My Fiance and I been together for almost 5 years and I thank God everyday for bringing such a mature, selfless, and loving person in my life. We’ve seen each other at our worse AND at our happiest, but always strive to honor each other, encourage and build up one another, and forgive each other. We are so excited about beginning the journey of marriage. We’re getting ready for marriage counseling this summer–I’d highly recommend that if you both can do that (it covers and allows you to discuss finances, sexual and marital adjustment, lifestyles, family planning, expectations of roles, etc.)

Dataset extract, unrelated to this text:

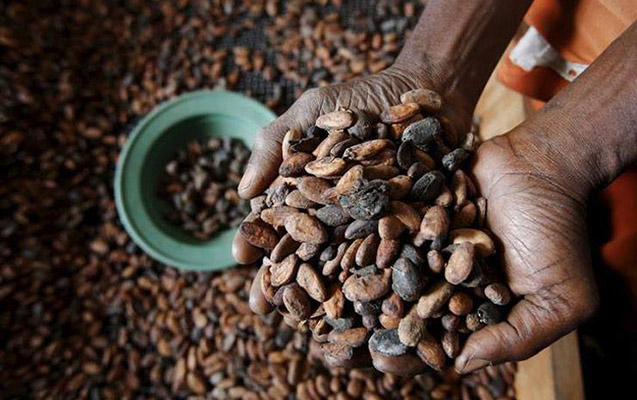 Böhranı qapıda: Kakao fabrikləri istehsalı dayandırdı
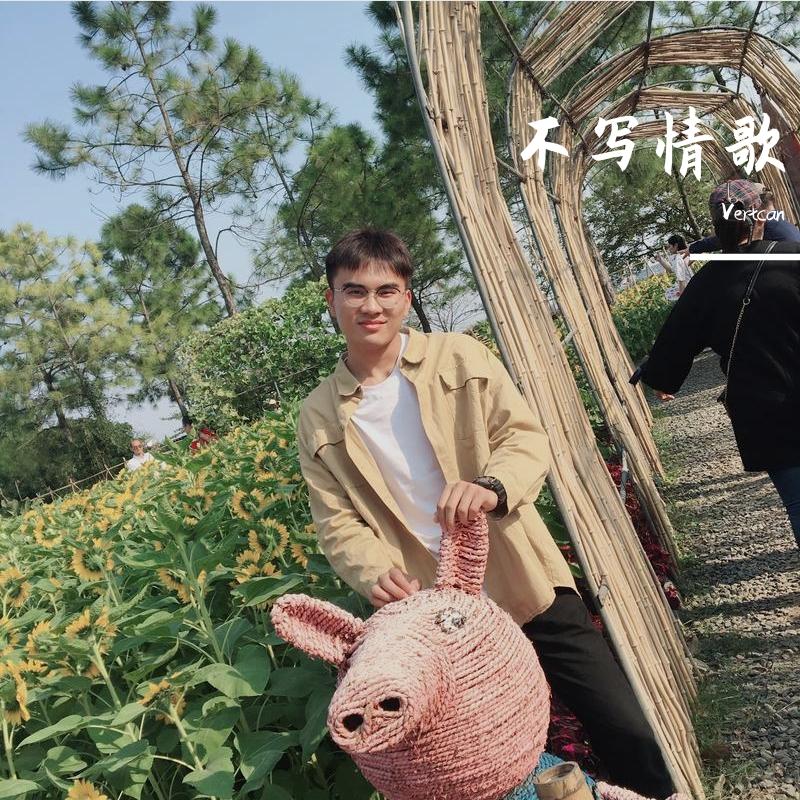 不写情歌 - Vertcan封面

P.S. I don’t know what you and your Fiance or family believe–but personally, I believe that marriage is a biblical commandment–not an option. I feel that the Church often discourages young people to marry later and make them feel bad for having sexual desires (and I believe there is a problem of what is called “extended adolescence” in our world where people delay marriage, responsibility, family etc.)–so I understand where you’re coming from when people don’t understand. We are DESIGNED for marriage and DESIGNED for sex! I also believe that marriage is a manifestation of Jesus’ love for us. I know not everyone is going to agree with me on here, but I think you’re doing the right thing despite the negativity.
Post # 29
I know how you feel. I’m 20 years old, and my family is very apprehensive since SO just asked for my hand. But, when you know, you know. I feel like some of us are old souls with mature spirits, and we can handle it. Make sure you know everything you’re getting into. Maybe take pre-marriage, Pre-Cannan (sp?) classes? And Congrats!
Post # 30
- Wedding: March 2012 - Pelican Grand Beach Resort
To the OP: The first time I got married a lot of people were concerned that it was not the right choice for me, and I ignored them. They were right. That so many people who know and care about you are concerned should give you pause. That doesn’t mean that you and your Fiance aren’t meant to be together forever, but maybe right now is a little early. There’s no rush. Are you really prepared to live as a married couple? Do you have the money and life skills? I’m also worried by your statment that you are more mature than your parents. That reads as an immature statement. Often people who are below of just at the level of adult basic adult maturity (which an 18 year old would generally be lucky to be), don’t have enough maturity to recognize that they could be more mature. They think they’ve already arrived at full maturity.
Post # 31
I don’t think anyone who writes “SHUT THE HELL UP!” on an internet forum sounds mature. The most mature women I know carry themselves with the composure and wisdom to acknowledge that the older they get, the less they really know about the world.
I’m not doubting the feelings you have towards your Fiance, but perhaps people might respect your decision more if you expressed yourself in a more mature fashion.